New applications for U.S. unemployment benefits fell unexpectedly last week to the lowest level since mid-February, signaling the job market remains tight even as broader economic headwinds build.
Initial jobless claims declined by 13,000 to 216,000 in the week ended September 2, the Labor Department reported Thursday. That was below economist forecasts for a rise to 234,000 and marked the fourth straight week of declines.
Continuing claims, which track ongoing unemployment, also dropped to 1.679 million for the week ended August 26. That was the lowest point since mid-July.
The downward trend in both initial and continuing claims points to ongoing resilience in the labor market amid strong employer demand for workers.

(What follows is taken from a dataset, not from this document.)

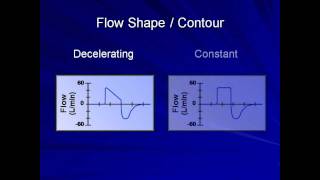 Ventilator Options Mechanical Ventilation  Lecture 8 [upl. by Atinad]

There are some emerging signs of softness, however. The unemployment rate ticked higher to 3.8% in August as labor force participation increased. Job growth also moderated in the latest month, though remains healthy.
Worker productivity rebounded at a 3.5% annualized pace in the second quarter, the fastest rise since 2020. Moderating labor cost growth could also help the Federal Reserve combat high inflation.
While jobless claims remain near historic lows, economists will keep a close eye on any notable changes that could indicate potential layoffs, although the Federal Reserve has recently taken a more measured approach to rate hikes aimed at moderating economic demand.
Currently, the most recent data confirms a remarkably robust job market, despite concerns about inflation and slowing growth. This resilience provides hope that any potential economic downturn in the future might be less severe than previously anticipated.